┌──

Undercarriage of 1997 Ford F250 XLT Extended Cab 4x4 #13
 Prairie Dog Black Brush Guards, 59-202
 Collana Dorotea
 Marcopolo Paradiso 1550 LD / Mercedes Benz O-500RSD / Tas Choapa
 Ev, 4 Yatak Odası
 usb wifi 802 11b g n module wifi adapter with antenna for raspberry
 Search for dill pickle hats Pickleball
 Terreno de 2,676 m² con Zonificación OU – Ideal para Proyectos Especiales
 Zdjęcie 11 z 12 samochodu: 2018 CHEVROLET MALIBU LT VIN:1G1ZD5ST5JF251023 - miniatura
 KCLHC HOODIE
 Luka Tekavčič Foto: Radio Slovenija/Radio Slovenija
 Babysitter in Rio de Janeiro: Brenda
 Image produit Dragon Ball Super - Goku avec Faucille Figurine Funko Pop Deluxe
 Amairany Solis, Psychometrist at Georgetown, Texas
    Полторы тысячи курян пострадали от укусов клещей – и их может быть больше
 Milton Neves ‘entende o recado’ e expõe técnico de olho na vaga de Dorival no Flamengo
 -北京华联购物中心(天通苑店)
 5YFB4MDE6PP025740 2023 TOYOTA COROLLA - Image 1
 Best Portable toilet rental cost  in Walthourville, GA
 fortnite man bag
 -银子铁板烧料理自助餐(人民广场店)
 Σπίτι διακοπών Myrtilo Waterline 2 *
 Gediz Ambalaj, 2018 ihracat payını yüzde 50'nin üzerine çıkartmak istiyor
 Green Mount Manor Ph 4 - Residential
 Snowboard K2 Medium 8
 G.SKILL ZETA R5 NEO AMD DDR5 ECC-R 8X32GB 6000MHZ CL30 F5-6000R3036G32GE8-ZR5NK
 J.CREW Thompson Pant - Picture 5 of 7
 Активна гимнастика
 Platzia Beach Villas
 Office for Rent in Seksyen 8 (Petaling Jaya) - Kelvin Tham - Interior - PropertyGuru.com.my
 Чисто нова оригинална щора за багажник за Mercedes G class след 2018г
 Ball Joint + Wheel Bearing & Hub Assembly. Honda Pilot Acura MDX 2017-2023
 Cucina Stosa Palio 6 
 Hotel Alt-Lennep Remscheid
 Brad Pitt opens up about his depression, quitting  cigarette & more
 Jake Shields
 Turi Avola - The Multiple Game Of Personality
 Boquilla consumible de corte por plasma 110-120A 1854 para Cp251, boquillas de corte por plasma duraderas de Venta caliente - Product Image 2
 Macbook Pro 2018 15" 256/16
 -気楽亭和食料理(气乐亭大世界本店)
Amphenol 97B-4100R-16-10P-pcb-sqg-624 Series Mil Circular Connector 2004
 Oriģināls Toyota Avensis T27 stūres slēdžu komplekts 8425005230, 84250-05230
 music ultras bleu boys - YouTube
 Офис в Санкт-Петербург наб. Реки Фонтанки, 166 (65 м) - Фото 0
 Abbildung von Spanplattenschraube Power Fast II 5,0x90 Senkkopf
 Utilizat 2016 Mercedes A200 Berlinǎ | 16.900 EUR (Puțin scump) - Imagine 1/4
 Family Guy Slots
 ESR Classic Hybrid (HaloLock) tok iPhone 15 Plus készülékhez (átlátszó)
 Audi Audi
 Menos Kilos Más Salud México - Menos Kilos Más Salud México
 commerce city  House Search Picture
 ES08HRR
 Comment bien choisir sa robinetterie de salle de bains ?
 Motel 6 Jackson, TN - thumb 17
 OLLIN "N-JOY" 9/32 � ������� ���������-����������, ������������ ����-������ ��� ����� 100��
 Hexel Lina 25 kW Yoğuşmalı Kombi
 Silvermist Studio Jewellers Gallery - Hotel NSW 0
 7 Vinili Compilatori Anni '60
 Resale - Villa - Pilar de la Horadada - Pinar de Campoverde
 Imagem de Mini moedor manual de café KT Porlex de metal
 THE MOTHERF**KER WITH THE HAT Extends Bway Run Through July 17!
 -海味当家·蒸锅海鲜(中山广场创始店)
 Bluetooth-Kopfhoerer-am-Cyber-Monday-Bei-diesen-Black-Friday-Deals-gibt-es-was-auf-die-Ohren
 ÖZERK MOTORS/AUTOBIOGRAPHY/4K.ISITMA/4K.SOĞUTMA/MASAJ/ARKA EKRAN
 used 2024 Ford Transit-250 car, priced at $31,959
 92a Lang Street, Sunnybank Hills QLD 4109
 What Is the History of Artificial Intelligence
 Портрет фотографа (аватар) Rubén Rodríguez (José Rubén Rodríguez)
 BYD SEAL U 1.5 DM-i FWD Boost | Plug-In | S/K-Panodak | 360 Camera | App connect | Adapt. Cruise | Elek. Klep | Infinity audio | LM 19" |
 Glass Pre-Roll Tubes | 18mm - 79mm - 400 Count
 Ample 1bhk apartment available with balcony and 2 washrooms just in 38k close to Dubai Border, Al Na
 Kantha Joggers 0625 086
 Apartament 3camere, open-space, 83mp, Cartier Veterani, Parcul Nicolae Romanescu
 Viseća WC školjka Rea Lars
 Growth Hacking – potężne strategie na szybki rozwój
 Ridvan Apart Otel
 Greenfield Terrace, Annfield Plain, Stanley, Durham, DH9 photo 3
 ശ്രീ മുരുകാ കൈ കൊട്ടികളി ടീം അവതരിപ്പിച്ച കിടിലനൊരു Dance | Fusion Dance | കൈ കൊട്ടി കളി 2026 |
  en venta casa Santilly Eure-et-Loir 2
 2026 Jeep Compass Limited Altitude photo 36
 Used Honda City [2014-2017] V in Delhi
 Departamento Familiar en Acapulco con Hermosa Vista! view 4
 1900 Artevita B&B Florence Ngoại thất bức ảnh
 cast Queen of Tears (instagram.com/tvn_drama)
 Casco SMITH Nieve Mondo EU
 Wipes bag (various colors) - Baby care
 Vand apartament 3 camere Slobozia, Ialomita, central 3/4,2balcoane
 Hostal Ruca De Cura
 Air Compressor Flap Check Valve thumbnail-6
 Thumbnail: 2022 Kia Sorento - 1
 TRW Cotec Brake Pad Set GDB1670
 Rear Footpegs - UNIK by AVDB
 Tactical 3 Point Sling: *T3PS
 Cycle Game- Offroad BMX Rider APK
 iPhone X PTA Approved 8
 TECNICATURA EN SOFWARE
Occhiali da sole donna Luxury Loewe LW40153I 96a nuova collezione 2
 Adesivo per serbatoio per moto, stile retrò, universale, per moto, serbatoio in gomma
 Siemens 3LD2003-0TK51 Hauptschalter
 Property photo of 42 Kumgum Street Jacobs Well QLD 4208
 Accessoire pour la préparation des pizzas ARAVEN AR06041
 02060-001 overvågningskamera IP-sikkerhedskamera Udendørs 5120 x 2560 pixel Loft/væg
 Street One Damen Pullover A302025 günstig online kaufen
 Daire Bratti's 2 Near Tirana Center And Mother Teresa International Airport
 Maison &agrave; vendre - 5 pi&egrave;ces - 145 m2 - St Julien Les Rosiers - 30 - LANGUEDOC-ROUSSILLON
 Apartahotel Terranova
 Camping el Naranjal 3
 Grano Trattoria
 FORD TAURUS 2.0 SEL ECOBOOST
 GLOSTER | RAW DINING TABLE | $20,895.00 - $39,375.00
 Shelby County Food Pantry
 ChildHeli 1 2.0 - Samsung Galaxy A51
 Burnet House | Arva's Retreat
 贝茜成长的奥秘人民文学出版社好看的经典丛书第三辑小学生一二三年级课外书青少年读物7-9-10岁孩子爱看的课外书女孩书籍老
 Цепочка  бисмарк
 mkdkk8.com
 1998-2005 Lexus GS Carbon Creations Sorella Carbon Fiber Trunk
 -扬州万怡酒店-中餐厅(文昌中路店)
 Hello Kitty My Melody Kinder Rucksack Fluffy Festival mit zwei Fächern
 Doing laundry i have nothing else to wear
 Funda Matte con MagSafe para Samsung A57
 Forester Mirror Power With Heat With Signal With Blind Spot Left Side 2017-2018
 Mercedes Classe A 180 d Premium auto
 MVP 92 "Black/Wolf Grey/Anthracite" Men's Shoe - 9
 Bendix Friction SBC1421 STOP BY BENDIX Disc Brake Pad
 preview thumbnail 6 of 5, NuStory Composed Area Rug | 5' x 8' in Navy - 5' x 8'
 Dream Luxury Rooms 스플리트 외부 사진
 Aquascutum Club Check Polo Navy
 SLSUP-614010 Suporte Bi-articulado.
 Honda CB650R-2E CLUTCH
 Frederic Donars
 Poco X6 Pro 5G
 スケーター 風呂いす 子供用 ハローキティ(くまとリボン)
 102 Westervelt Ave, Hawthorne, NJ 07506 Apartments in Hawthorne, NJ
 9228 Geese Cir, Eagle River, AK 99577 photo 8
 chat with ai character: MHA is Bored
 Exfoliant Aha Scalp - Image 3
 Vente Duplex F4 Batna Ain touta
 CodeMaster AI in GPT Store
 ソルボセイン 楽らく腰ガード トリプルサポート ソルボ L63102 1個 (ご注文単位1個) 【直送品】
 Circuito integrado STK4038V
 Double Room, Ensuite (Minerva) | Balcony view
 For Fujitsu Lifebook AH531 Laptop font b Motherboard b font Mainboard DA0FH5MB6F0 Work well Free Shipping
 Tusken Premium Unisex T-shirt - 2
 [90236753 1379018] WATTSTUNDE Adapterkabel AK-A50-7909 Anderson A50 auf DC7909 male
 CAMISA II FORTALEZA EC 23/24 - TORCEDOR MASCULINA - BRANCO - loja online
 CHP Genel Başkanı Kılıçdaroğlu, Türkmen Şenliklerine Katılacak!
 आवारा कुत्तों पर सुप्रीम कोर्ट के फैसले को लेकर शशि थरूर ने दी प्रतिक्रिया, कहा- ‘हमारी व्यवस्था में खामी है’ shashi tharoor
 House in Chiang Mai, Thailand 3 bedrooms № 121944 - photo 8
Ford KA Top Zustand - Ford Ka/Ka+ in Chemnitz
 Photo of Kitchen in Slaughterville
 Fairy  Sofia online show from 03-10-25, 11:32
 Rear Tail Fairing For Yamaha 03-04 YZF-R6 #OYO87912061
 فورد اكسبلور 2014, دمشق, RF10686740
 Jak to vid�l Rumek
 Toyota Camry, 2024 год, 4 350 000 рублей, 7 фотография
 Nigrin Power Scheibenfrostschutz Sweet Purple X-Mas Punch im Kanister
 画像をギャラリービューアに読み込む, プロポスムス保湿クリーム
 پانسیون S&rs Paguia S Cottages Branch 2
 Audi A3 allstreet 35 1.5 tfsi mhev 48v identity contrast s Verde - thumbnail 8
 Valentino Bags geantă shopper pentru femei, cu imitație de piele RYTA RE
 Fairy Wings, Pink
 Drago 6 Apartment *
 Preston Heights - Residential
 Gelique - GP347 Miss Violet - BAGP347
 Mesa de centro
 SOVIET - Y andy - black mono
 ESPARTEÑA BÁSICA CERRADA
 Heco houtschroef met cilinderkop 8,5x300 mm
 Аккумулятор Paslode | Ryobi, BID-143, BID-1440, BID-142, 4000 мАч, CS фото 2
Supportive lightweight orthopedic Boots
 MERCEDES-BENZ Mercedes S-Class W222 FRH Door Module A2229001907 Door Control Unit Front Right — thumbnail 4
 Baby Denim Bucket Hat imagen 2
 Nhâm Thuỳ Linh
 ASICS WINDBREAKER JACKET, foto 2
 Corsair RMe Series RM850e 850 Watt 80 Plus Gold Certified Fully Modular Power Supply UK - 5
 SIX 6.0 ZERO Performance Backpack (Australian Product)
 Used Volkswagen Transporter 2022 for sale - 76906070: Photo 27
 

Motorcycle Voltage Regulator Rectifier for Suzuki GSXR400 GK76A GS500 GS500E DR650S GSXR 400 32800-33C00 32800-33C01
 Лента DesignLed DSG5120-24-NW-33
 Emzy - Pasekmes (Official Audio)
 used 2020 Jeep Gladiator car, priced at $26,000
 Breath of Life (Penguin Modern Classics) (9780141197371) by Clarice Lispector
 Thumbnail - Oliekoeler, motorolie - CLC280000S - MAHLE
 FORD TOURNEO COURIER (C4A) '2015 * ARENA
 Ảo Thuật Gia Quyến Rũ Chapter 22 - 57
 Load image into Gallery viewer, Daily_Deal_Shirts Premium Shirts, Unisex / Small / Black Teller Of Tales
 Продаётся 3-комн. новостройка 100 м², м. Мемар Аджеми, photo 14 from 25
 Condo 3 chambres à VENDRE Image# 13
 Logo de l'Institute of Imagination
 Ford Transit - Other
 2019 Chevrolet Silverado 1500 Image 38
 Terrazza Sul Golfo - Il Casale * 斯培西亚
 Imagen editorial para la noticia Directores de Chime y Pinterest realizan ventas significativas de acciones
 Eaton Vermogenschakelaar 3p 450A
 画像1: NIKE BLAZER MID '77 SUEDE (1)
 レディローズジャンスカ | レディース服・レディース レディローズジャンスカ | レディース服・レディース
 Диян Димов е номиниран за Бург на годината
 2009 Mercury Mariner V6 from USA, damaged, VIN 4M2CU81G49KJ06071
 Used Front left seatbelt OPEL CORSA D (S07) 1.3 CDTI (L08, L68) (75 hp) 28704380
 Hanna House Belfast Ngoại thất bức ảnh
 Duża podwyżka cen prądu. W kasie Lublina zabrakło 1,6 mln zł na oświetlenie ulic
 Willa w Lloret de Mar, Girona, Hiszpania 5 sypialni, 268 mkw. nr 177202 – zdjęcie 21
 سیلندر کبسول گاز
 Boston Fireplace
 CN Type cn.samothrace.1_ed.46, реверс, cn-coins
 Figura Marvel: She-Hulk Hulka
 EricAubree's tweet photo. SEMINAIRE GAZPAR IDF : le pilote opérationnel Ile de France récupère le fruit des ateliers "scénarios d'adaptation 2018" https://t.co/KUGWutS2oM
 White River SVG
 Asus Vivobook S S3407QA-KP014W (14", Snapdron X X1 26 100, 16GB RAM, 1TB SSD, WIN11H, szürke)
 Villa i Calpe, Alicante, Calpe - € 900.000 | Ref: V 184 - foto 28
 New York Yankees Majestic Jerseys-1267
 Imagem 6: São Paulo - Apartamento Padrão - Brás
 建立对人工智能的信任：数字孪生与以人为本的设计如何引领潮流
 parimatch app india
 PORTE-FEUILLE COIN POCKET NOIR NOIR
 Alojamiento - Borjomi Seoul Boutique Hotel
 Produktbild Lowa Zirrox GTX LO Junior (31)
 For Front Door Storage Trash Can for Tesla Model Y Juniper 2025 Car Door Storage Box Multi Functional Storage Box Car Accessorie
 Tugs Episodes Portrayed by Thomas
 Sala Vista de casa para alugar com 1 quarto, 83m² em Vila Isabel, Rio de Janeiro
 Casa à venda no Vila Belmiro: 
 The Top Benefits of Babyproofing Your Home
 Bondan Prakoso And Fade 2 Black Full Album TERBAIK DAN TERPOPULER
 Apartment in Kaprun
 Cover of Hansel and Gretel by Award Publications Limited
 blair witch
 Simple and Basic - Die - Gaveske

└──

● Required work: Print the lines above from the one with "Thumbnail: 2022 Kia Sorento - 1" through the one with "Property photo of", both included, exactly as written and nothing more.

● The completed task:
 Thumbnail: 2022 Kia Sorento - 1
 TRW Cotec Brake Pad Set GDB1670
 Rear Footpegs - UNIK by AVDB
 Tactical 3 Point Sling: *T3PS
 Cycle Game- Offroad BMX Rider APK
 iPhone X PTA Approved 8
 TECNICATURA EN SOFWARE
Occhiali da sole donna Luxury Loewe LW40153I 96a nuova collezione 2
 Adesivo per serbatoio per moto, stile retrò, universale, per moto, serbatoio in gomma
 Siemens 3LD2003-0TK51 Hauptschalter
 Property photo of 42 Kumgum Street Jacobs Well QLD 4208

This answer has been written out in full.